### Material for this task
--
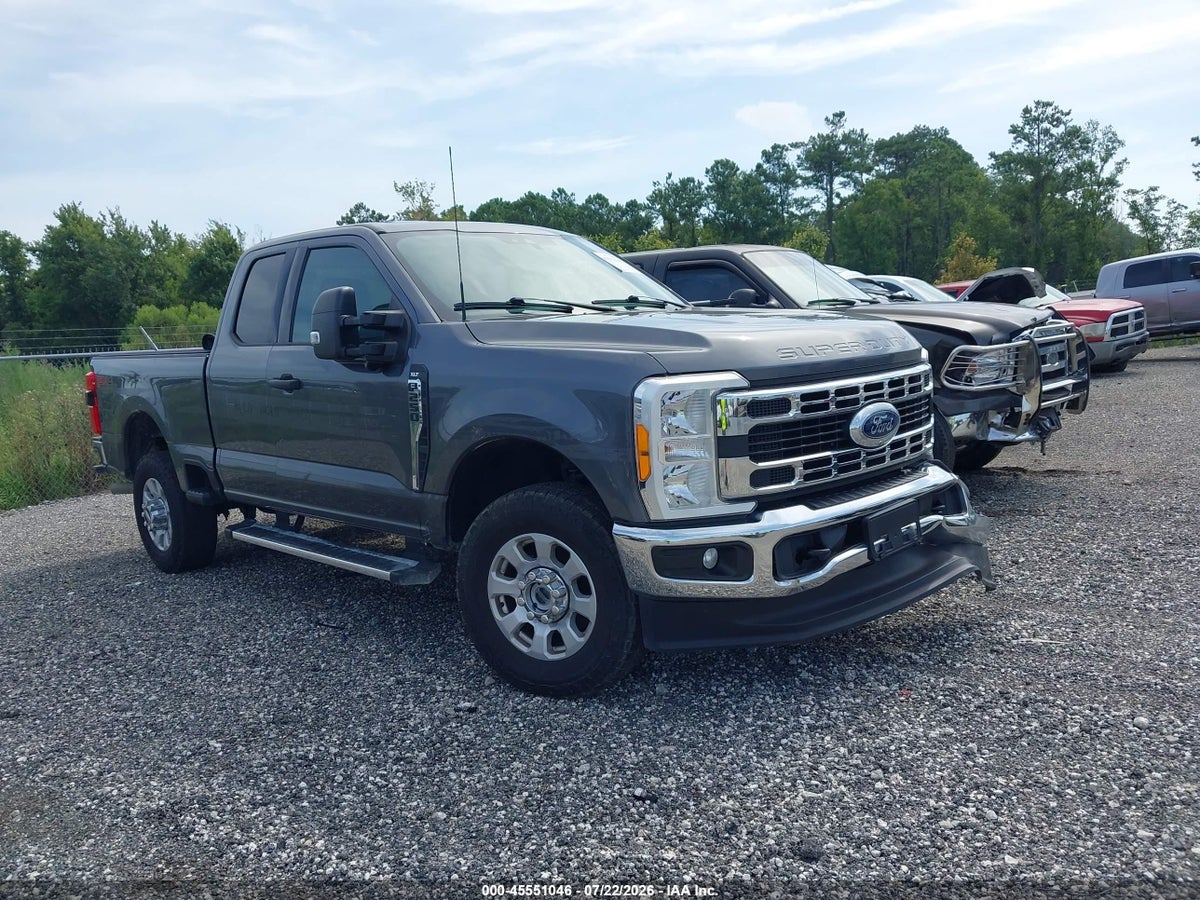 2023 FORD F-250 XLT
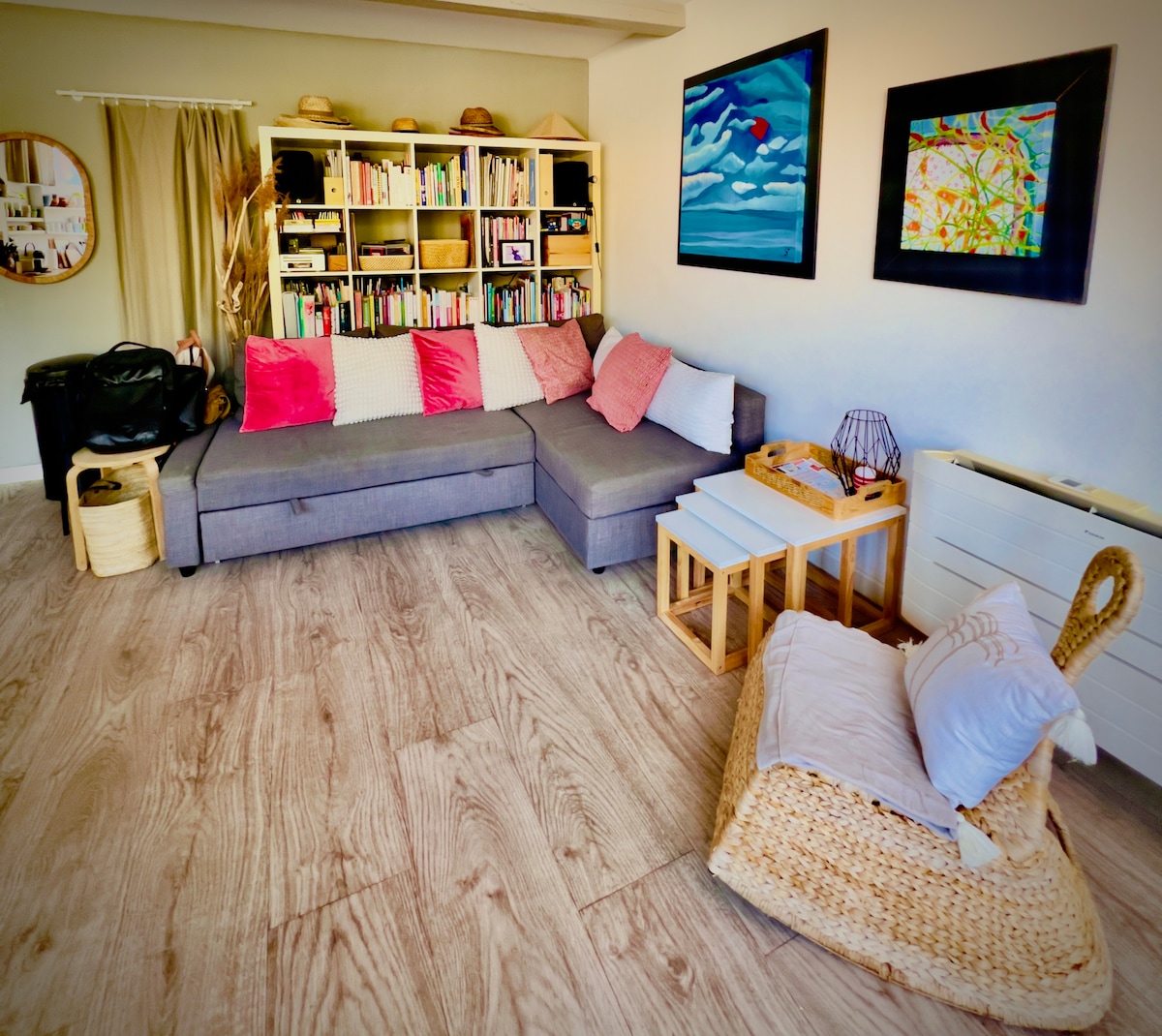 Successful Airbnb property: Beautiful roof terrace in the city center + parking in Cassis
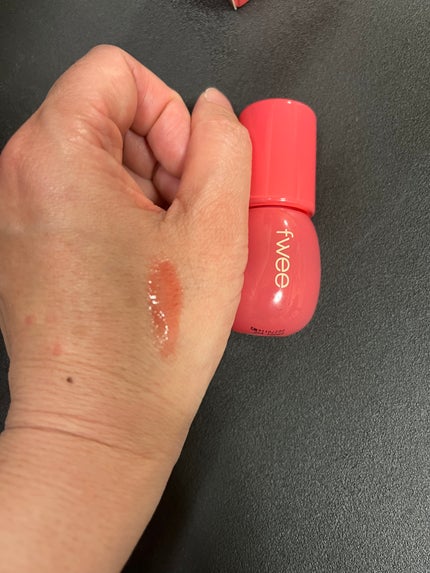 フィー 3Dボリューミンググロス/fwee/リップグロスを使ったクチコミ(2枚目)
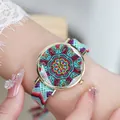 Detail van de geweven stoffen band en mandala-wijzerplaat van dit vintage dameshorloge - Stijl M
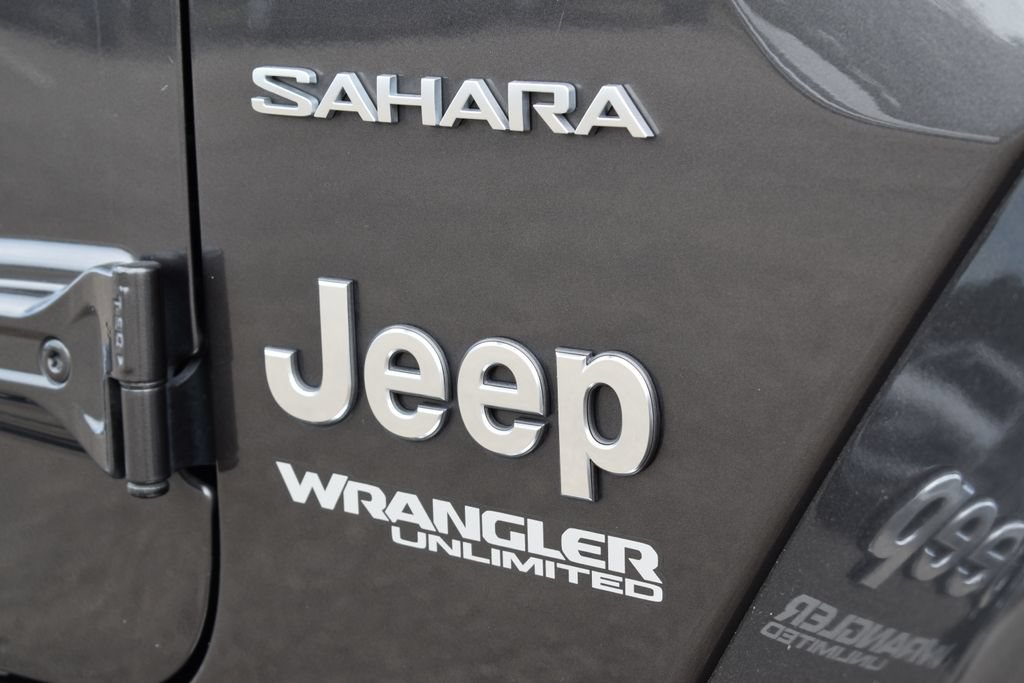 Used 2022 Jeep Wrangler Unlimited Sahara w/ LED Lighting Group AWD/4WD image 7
--
### Your instructions
Please copy every record above exactly, but leave the pictures out.

### Task output
 2023 FORD F-250 XLT
 Successful Airbnb property: Beautiful roof terrace in the city center + parking in Cassis
 フィー 3Dボリューミンググロス/fwee/リップグロスを使ったクチコミ(2枚目)
 Detail van de geweven stoffen band en mandala-wijzerplaat van dit vintage dameshorloge - Stijl M
 Used 2022 Jeep Wrangler Unlimited Sahara w/ LED Lighting Group AWD/4WD image 7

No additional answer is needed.